◆ AIM OF THE TASK:
Leave every picture out, and print the full listing again exactly.
(DATASET SECTION)
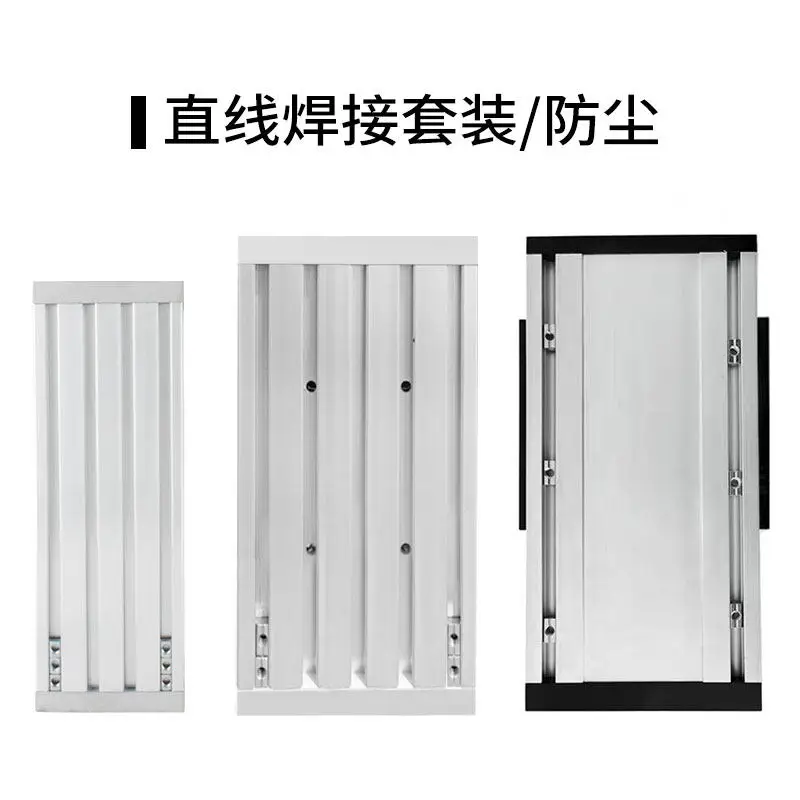 Laser handheld welding straight line welding auxiliary fixture straight seam automatic welding sheet metal chassis shell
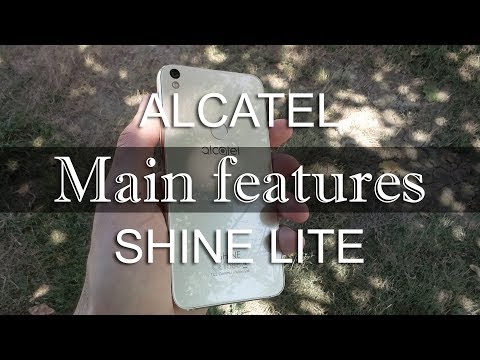 Alcatel Shine Lite - Main features (review)
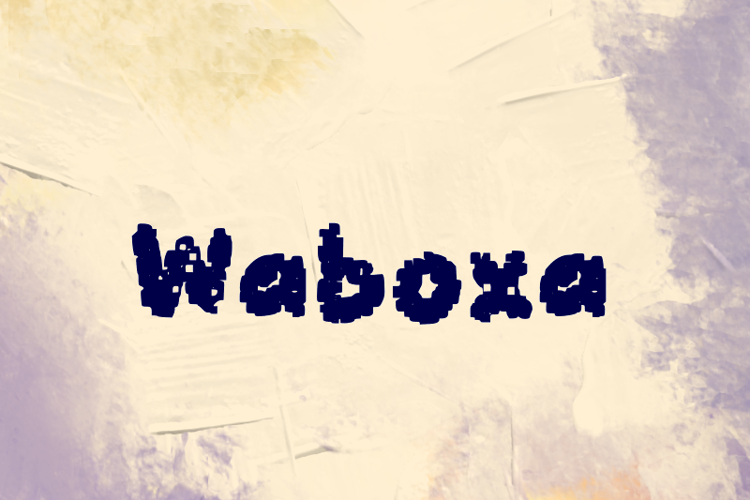 Preview of w Waboxa Font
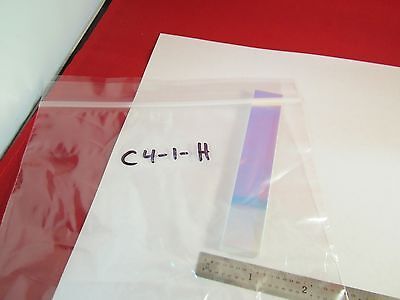 OPTICAL COATED SLAB FILTER MIRROR  LASER OPTICS BIN#C4-1-H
(End DATASET SECTION)
◆ FINISHED TASK:
 Laser handheld welding straight line welding auxiliary fixture straight seam automatic welding sheet metal chassis shell
 Alcatel Shine Lite - Main features (review)
 Preview of w Waboxa Font
 OPTICAL COATED SLAB FILTER MIRROR  LASER OPTICS BIN#C4-1-H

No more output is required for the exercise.